Getting started with OpenShift

Login

There are two options to login to your OpenShift cluster:

• Web interface: you need a browser to access your cluster
• CLI: you need a terminal to access your cluster

Web Interface

1. Open the server URL

2. Choose the correct identity provider (IDP). Hint: Don’t use “noris” because this is used by system-admins of noris network.

3. Type in your username and the password.

You are now logged in.

CLI

Requirements

Every command on OpenShift starts with oc. Thus, the oc command must be installed on your computer. This command is also known as OpenShift CLI tools.

Install OpenShift CLI tools

The easiest way to install OpenShift CLI tools is by downloading it from your OpenShift website:

1. Open a browser and login at your OpenShift cluster

2. At the top right corner of your screen click on the question mark icon

3. From the dropdown menu, click on the second option, named “Command Line Tools”

4. A new page will open in which you can download the package which matches your Operation System (OS)

   

Login

Once, the OpenShift CLI tools is installed, use the oc login command to login.

$ USERNAME=<<USERNAME>>
$ oc login -u ${USENAME} -s https://api.<<MY_DOMAIN>>:6443

Hint: You should have received the credentials and the server URL via e-mail.

$ USERNAME=<<USERNAME>>
$ oc login -u ${USENAME} -s https://api.<<MY_DOMAIN>>:6443 

Authentication required for SERVERNAME (openshift)
Username: USERNAME
Password: <PASSWORD>
Login successful.

You have access to 3 projects, the list has been suppressed.
You can list all projects with 'oc projects'

Using project "test".

You are now logged in.

Red Hat Single Sign-On

Keycloak (Red Hat Single Sign-On) is used to authenticate users. For instance, you can set up your Identity Provider (IDP) or create accounts by setting username/ password. In addition, you can set up Two-Factor Authentication (2FA) and much more.
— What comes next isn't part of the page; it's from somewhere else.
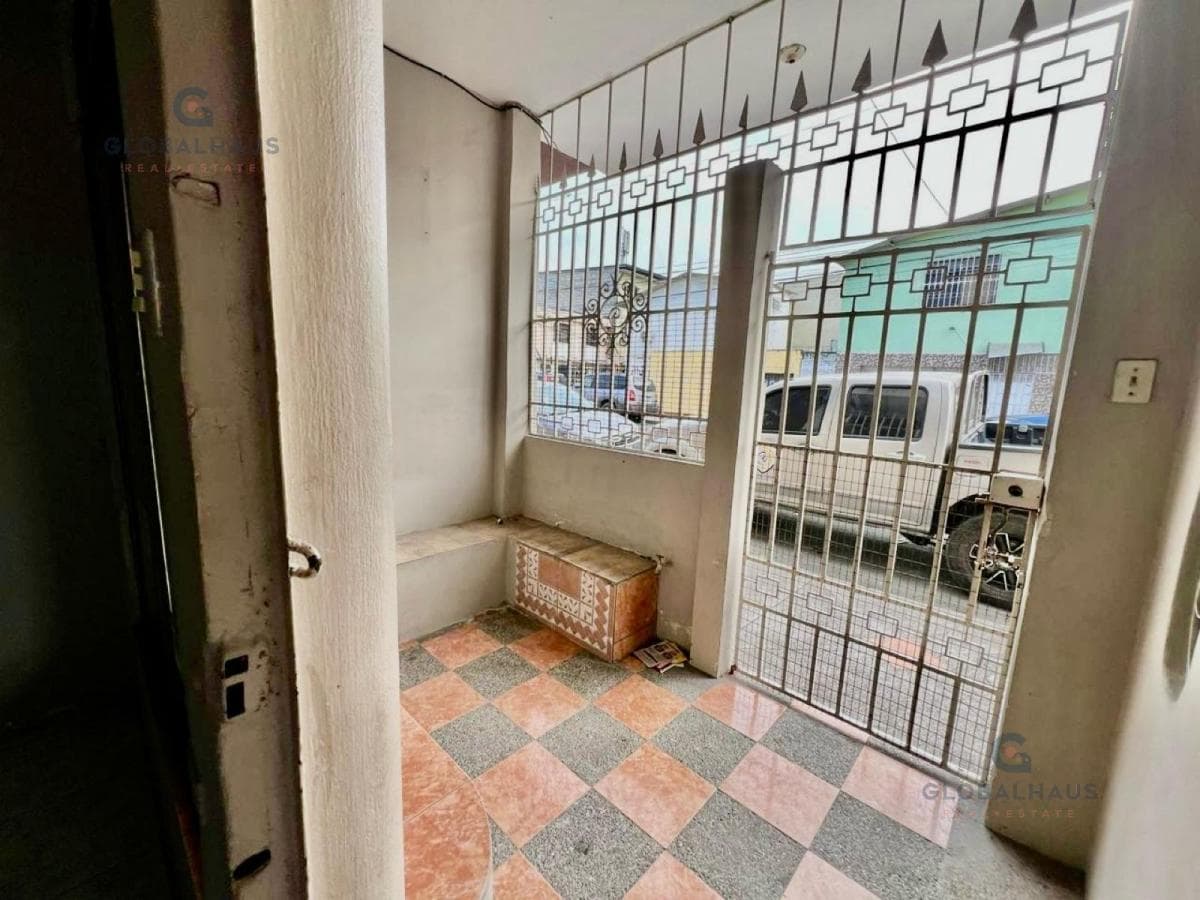 Venta Casa Rentera en Sauces 6 Guayaquil Norte, 3 Departamentos m. G. Guayas — imagen 2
https://keycloak-nn-rhsso.apps.<<MY_DOMAIN>>/auth/realms/openshift/protocol/openid-connect/auth?client_id=security-admin-console

You have to use your OpenShift credentials in order to login.

Hint: The credentials of the first user have been sent to the email address that is specified at the order. Normal users can not create or modify any setting. Also, do not delete the first account before you create a new user and grant that account the realm admin privilege. Remember: you can use restful calls.
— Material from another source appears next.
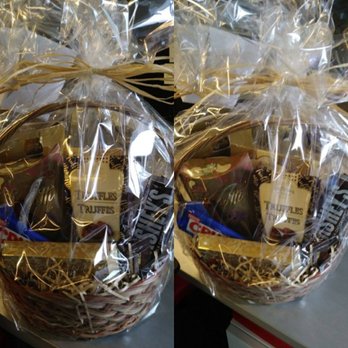 Q Florist - Gift basket that my friend surprised me with. - Florists Near Me - New York, New York Q Florist - Gift basket that my friend surprised me with. - Florists Near Me - New York, New York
That account is granted with the nn-customer-admin privileges.

Remember: do not delete that email, before you create additional accounts.

Create account

1. Login to the keycloak service
2. Select Users
3. Select Add user

On the next screen, you should fill in the details of the new account.

Notify user

Next, you have to notify the user about the new account and set some options:

1. Select “Credentials”
2. Choose the operation(s) that you want the user to take by clicking on the “Reset Actions”
3. Press the “Send email” button

Most options are self-explaining and it is advised to select at least the following:

• Verify Email An email will be sent to the user which will contain a link to get verified
• Update Password The user will be prompted to update his/ her password
• Configure OTP (2FA) Once the user enter his/her credentials, he/ she will be asked to configure Two-Factor Authentication (2FA). For instance: FreeOTP or Google Authenticator
  

Setup a password (optional)

Optionally, you can specify a password for a selected account:

1. Select “Users”, which can be found at the left sidebar
2. Select the user
3. Select the tab named “Credentials”
4. Set a password

Hint: If you want to prompt the user to change its password, set the “Temporary” option to “ON”.

If you want to set some rules for the passwords:

1. Select “Authentication”, which can be found at the left sidebar
2. Select the tab named “Password Policy”
3. Select “Add policy” and choose an item from the dropdown list
4. Review policies and press “Save”

The same procedure can be followed to set One Time Password (OTP/ 2FA) policies.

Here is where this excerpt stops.